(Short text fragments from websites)

== == ==

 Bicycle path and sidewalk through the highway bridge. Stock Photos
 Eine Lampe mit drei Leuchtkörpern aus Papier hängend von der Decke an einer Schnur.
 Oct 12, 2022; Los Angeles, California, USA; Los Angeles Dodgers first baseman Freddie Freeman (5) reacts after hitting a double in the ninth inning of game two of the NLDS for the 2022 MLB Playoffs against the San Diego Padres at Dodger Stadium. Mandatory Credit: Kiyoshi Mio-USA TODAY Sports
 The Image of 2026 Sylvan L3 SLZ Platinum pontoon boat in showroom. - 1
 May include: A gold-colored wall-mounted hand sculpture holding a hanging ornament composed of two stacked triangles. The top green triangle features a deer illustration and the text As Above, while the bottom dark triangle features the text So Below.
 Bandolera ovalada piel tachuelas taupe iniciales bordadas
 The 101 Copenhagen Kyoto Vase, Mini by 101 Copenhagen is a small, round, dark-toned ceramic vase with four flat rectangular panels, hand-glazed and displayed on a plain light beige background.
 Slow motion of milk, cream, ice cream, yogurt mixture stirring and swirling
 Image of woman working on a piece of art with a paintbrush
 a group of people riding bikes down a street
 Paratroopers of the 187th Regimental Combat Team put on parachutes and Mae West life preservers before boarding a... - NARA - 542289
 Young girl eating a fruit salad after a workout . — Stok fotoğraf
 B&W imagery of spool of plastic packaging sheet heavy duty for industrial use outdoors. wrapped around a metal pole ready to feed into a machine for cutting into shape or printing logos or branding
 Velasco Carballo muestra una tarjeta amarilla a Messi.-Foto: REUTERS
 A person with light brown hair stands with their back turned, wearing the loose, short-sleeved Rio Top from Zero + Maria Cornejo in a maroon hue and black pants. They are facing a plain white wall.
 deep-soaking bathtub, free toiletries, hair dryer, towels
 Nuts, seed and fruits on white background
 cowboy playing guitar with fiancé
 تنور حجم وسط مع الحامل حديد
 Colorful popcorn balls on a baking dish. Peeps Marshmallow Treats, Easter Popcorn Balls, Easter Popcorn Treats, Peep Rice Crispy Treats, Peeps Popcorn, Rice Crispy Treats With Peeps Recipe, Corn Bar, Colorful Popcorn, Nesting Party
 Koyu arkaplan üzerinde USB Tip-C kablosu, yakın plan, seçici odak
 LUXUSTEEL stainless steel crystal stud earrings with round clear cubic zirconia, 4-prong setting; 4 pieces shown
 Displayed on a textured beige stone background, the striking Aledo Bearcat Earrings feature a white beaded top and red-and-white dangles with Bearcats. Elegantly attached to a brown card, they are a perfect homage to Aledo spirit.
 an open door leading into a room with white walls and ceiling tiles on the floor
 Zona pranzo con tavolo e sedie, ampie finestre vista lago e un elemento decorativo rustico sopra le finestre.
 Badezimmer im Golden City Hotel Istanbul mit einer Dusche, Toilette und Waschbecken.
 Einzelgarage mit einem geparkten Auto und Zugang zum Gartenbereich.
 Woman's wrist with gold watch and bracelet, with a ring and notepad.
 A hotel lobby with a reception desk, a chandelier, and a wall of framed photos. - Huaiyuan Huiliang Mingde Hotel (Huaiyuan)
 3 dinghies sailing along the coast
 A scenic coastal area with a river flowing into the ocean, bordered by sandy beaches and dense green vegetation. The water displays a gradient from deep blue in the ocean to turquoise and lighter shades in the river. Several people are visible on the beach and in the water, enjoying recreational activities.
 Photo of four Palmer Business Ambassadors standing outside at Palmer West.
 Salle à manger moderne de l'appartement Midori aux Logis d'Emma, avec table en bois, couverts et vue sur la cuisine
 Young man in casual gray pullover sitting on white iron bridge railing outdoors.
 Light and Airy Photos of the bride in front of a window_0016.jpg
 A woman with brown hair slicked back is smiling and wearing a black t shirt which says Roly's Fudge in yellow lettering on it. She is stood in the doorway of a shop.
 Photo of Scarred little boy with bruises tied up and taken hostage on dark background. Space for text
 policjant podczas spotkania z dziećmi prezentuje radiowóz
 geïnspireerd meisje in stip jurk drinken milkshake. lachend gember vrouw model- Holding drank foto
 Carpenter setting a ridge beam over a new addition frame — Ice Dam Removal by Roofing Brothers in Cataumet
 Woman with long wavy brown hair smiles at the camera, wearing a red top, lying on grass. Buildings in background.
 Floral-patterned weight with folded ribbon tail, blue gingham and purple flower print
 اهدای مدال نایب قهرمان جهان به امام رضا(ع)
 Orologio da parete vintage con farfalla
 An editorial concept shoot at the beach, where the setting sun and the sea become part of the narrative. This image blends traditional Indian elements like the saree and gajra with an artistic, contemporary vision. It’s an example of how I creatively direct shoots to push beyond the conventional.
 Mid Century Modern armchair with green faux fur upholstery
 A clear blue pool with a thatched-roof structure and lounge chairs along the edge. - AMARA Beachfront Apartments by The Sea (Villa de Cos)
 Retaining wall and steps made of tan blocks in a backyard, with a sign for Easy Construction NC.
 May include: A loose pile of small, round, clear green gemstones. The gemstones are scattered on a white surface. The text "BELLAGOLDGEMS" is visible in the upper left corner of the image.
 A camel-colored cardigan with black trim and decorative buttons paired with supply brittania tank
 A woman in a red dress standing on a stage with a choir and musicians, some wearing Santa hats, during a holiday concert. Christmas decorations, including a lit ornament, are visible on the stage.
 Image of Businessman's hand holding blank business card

== == ==

* What the task requires:
Each entry should be reproduced in the output exactly.

* Answer area:
 Bicycle path and sidewalk through the highway bridge. Stock Photos
 Eine Lampe mit drei Leuchtkörpern aus Papier hängend von der Decke an einer Schnur.
 Oct 12, 2022; Los Angeles, California, USA; Los Angeles Dodgers first baseman Freddie Freeman (5) reacts after hitting a double in the ninth inning of game two of the NLDS for the 2022 MLB Playoffs against the San Diego Padres at Dodger Stadium. Mandatory Credit: Kiyoshi Mio-USA TODAY Sports
 The Image of 2026 Sylvan L3 SLZ Platinum pontoon boat in showroom. - 1
 May include: A gold-colored wall-mounted hand sculpture holding a hanging ornament composed of two stacked triangles. The top green triangle features a deer illustration and the text As Above, while the bottom dark triangle features the text So Below.
 Bandolera ovalada piel tachuelas taupe iniciales bordadas
 The 101 Copenhagen Kyoto Vase, Mini by 101 Copenhagen is a small, round, dark-toned ceramic vase with four flat rectangular panels, hand-glazed and displayed on a plain light beige background.
 Slow motion of milk, cream, ice cream, yogurt mixture stirring and swirling
 Image of woman working on a piece of art with a paintbrush
 a group of people riding bikes down a street
 Paratroopers of the 187th Regimental Combat Team put on parachutes and Mae West life preservers before boarding a... - NARA - 542289
 Young girl eating a fruit salad after a workout . — Stok fotoğraf
 B&W imagery of spool of plastic packaging sheet heavy duty for industrial use outdoors. wrapped around a metal pole ready to feed into a machine for cutting into shape or printing logos or branding
 Velasco Carballo muestra una tarjeta amarilla a Messi.-Foto: REUTERS
 A person with light brown hair stands with their back turned, wearing the loose, short-sleeved Rio Top from Zero + Maria Cornejo in a maroon hue and black pants. They are facing a plain white wall.
 deep-soaking bathtub, free toiletries, hair dryer, towels
 Nuts, seed and fruits on white background
 cowboy playing guitar with fiancé
 تنور حجم وسط مع الحامل حديد
 Colorful popcorn balls on a baking dish. Peeps Marshmallow Treats, Easter Popcorn Balls, Easter Popcorn Treats, Peep Rice Crispy Treats, Peeps Popcorn, Rice Crispy Treats With Peeps Recipe, Corn Bar, Colorful Popcorn, Nesting Party
 Koyu arkaplan üzerinde USB Tip-C kablosu, yakın plan, seçici odak
 LUXUSTEEL stainless steel crystal stud earrings with round clear cubic zirconia, 4-prong setting; 4 pieces shown
 Displayed on a textured beige stone background, the striking Aledo Bearcat Earrings feature a white beaded top and red-and-white dangles with Bearcats. Elegantly attached to a brown card, they are a perfect homage to Aledo spirit.
 an open door leading into a room with white walls and ceiling tiles on the floor
 Zona pranzo con tavolo e sedie, ampie finestre vista lago e un elemento decorativo rustico sopra le finestre.
 Badezimmer im Golden City Hotel Istanbul mit einer Dusche, Toilette und Waschbecken.
 Einzelgarage mit einem geparkten Auto und Zugang zum Gartenbereich.
 Woman's wrist with gold watch and bracelet, with a ring and notepad.
 A hotel lobby with a reception desk, a chandelier, and a wall of framed photos. - Huaiyuan Huiliang Mingde Hotel (Huaiyuan)
 3 dinghies sailing along the coast
 A scenic coastal area with a river flowing into the ocean, bordered by sandy beaches and dense green vegetation. The water displays a gradient from deep blue in the ocean to turquoise and lighter shades in the river. Several people are visible on the beach and in the water, enjoying recreational activities.
 Photo of four Palmer Business Ambassadors standing outside at Palmer West.
 Salle à manger moderne de l'appartement Midori aux Logis d'Emma, avec table en bois, couverts et vue sur la cuisine
 Young man in casual gray pullover sitting on white iron bridge railing outdoors.
 Light and Airy Photos of the bride in front of a window_0016.jpg
 A woman with brown hair slicked back is smiling and wearing a black t shirt which says Roly's Fudge in yellow lettering on it. She is stood in the doorway of a shop.
 Photo of Scarred little boy with bruises tied up and taken hostage on dark background. Space for text
 policjant podczas spotkania z dziećmi prezentuje radiowóz
 geïnspireerd meisje in stip jurk drinken milkshake. lachend gember vrouw model- Holding drank foto
 Carpenter setting a ridge beam over a new addition frame — Ice Dam Removal by Roofing Brothers in Cataumet
 Woman with long wavy brown hair smiles at the camera, wearing a red top, lying on grass. Buildings in background.
 Floral-patterned weight with folded ribbon tail, blue gingham and purple flower print
 اهدای مدال نایب قهرمان جهان به امام رضا(ع)
 Orologio da parete vintage con farfalla
 An editorial concept shoot at the beach, where the setting sun and the sea become part of the narrative. This image blends traditional Indian elements like the saree and gajra with an artistic, contemporary vision. It’s an example of how I creatively direct shoots to push beyond the conventional.
 Mid Century Modern armchair with green faux fur upholstery
 A clear blue pool with a thatched-roof structure and lounge chairs along the edge. - AMARA Beachfront Apartments by The Sea (Villa de Cos)
 Retaining wall and steps made of tan blocks in a backyard, with a sign for Easy Construction NC.
 May include: A loose pile of small, round, clear green gemstones. The gemstones are scattered on a white surface. The text "BELLAGOLDGEMS" is visible in the upper left corner of the image.
 A camel-colored cardigan with black trim and decorative buttons paired with supply brittania tank
 A woman in a red dress standing on a stage with a choir and musicians, some wearing Santa hats, during a holiday concert. Christmas decorations, including a lit ornament, are visible on the stage.
 Image of Businessman's hand holding blank business card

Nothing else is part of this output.